Most packaged foods have a Nutrition Facts label. Use this label to make smart food choices quickly and easily. Try these tips:

  • Keep these low: saturated fats, trans fats, cholesterol, and sodium.
  • Get enough of these: potassium, fiber, vitamins A and C, calcium, and iron.
  • Use the 5/20 rule. 5% DV or less is low, 20% DV or more is high


Check servings and calories. Look at the serving size and determine how many servings you are actually consuming. If you double the servings you eat, you double the calories and nutrients, including the % DVs. Most prepackaged foods consist of more than one serving.

Make your calories count. Look at the calories on the label, determine which nutrients you are getting along with those calories. When one serving of a single food item has over 400 calories, it is considered to be high in calories.

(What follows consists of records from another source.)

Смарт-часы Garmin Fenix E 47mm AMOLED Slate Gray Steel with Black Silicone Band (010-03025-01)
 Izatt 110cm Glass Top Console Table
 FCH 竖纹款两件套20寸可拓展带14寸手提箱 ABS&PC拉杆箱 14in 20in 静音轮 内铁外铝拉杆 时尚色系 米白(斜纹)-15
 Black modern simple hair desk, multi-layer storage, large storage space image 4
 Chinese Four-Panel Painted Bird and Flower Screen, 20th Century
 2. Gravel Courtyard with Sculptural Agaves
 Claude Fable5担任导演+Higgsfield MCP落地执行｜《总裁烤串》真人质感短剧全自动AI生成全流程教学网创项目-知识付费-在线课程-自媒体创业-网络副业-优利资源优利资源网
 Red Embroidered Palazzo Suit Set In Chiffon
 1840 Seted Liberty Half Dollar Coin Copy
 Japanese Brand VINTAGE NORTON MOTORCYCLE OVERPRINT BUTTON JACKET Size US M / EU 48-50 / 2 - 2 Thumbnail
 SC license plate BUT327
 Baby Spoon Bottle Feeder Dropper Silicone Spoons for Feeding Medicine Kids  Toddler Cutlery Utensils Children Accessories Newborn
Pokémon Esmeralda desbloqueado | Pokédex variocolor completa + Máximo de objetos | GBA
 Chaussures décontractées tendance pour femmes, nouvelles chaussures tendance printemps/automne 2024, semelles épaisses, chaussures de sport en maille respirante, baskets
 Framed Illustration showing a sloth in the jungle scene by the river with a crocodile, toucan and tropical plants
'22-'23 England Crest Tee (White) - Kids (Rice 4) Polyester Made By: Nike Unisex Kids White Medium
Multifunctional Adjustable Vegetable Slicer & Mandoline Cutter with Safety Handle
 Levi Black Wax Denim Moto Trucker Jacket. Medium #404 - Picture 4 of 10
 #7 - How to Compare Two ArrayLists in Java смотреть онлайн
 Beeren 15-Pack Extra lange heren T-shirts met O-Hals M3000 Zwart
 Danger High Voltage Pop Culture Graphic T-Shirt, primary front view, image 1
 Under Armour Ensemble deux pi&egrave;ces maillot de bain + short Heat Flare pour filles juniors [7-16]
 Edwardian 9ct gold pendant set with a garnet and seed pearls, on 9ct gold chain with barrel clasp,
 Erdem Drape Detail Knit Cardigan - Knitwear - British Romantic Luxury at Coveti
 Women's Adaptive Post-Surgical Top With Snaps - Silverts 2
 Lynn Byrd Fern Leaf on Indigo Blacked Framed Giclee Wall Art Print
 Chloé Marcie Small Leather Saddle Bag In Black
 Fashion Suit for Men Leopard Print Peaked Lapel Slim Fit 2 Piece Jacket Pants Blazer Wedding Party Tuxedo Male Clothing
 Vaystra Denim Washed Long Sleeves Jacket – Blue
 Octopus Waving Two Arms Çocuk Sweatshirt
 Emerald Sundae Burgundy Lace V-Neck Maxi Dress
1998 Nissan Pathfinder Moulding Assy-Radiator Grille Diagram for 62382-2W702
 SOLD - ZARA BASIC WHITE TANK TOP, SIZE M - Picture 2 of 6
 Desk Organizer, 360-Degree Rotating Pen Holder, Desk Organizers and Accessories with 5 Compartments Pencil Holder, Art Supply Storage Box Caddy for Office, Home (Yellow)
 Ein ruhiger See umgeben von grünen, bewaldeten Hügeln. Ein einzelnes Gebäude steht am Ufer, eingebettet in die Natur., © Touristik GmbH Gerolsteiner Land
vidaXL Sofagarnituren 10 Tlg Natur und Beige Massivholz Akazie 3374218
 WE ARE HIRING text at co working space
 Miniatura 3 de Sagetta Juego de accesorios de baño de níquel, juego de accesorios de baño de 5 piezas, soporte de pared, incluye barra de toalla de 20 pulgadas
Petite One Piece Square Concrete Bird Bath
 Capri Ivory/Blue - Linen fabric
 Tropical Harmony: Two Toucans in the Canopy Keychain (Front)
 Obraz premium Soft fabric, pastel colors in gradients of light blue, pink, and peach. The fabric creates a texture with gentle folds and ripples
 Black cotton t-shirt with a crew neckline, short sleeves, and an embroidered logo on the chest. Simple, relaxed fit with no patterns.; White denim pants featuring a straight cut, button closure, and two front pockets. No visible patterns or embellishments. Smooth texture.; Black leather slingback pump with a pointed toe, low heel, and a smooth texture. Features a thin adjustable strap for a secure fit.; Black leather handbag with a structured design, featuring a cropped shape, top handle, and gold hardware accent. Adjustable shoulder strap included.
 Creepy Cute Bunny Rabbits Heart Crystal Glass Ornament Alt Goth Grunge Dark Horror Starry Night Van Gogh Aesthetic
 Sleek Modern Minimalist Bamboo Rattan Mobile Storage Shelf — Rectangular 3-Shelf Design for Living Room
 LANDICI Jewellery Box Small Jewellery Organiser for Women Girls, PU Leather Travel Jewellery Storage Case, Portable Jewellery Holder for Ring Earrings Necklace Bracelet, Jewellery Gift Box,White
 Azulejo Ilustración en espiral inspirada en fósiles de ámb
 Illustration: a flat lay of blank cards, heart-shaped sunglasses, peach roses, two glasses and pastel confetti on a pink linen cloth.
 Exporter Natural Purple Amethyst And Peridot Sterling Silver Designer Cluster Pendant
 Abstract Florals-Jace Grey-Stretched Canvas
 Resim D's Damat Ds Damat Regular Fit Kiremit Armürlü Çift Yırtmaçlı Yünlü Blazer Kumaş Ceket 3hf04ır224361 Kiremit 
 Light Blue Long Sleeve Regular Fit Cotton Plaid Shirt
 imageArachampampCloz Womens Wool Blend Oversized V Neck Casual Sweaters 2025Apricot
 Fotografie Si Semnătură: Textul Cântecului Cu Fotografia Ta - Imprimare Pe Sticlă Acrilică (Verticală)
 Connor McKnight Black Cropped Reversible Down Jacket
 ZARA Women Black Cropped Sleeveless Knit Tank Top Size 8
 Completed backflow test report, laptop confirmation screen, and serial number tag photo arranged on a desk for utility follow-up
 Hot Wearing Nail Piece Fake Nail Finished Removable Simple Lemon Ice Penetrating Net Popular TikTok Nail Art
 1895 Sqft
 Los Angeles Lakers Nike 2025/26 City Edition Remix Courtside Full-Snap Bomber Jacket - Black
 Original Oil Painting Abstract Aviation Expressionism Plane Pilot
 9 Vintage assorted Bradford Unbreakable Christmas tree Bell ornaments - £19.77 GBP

Don’t sugarcoat it. Since sugars contribute to calories with few, if any, nutrients look for foods and beverages low in added sugars. Read the ingredient list and make sure that added sugars are not one of the first few ingredients. Alternative names for added sugars (caloric sweeteners) include sucrose, glucose, high fructose corn syrup, corn syrup, maple syrup, and fructose.

Know your fats. Look for foods low in saturated fats, trans fats, and cholesterol to help reduce the risk of heart disease (5% DV or less is low, 20% DV or more is high). Most of the fats you eat should be polyunsaturated and monounsaturated fats. Keep total fat intake between 20% and 35% of calories.

Reduce sodium (salt), increase potassium. Research shows that eating less than 2,300 milligrams of sodium (about 1 tsp of salt) per day may reduce the risk of high blood pressure. Most of the sodium people eat comes from processed foods, not from the salt shaker. Look for foods high in potassium which counteracts some of sodium’s effects on blood pressure.